• Directions for this task
All of the data below must be reproduced word for word, but without its images.

• Provided entries

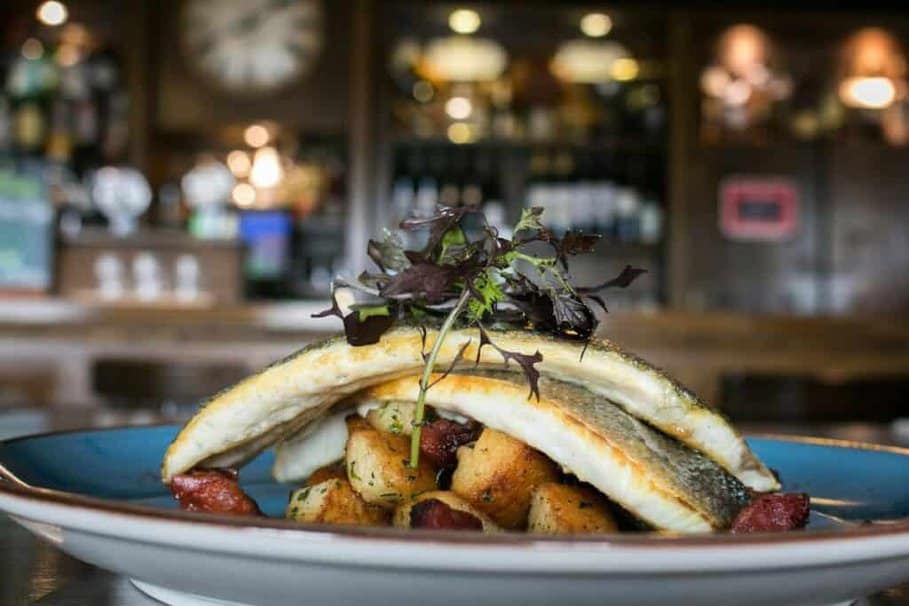 A freshly prepared dinner plate featuring grilled fish fillets with crispy skin, served over a bed of golden roasted potatoes, garnished with delicate mixed greens, presented on a blue ceramic plate with a blurred restaurant bar background, associated with the Best Dinner In Chester.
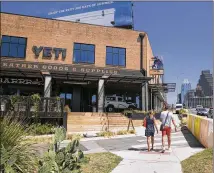  ?? JAY JANNER / AMERICAN-STATESMAN 2017 ?? Looking to take advantage of its popularity, Yeti opened a flagship retail store on South Congress Avenue last year. The store also features a popular bar.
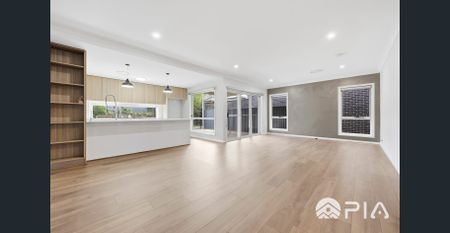 MODERN FOUR BEDROOM FAMILY HOME WITH SPACIOUS LIVING & LANDSCAPED BACKYARD - Photo 2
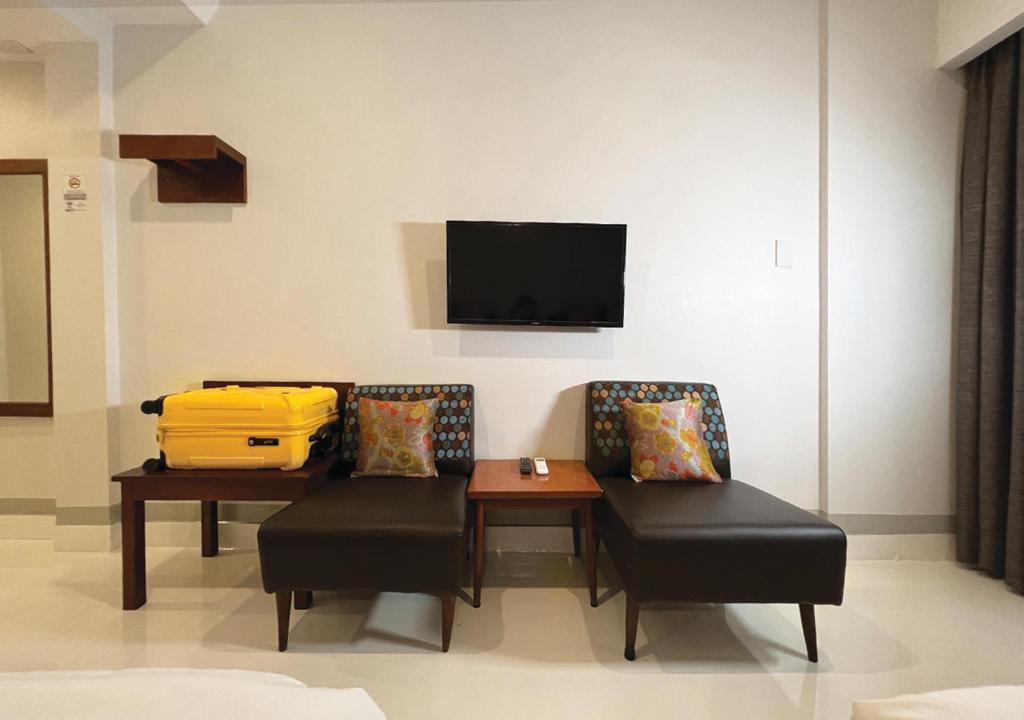 a room with two chairs and a table and a tv at Niagara Hotel in Bangkok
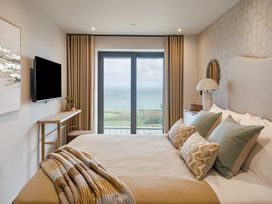 A bedroom with a bed and window overlooking the sea at The Old Barn in St. Ives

• Final answer
 A freshly prepared dinner plate featuring grilled fish fillets with crispy skin, served over a bed of golden roasted potatoes, garnished with delicate mixed greens, presented on a blue ceramic plate with a blurred restaurant bar background, associated with the Best Dinner In Chester.
  ?? JAY JANNER / AMERICAN-STATESMAN 2017 ?? Looking to take advantage of its popularity, Yeti opened a flagship retail store on South Congress Avenue last year. The store also features a popular bar.
 MODERN FOUR BEDROOM FAMILY HOME WITH SPACIOUS LIVING & LANDSCAPED BACKYARD - Photo 2
 a room with two chairs and a table and a tv at Niagara Hotel in Bangkok
 A bedroom with a bed and window overlooking the sea at The Old Barn in St. Ives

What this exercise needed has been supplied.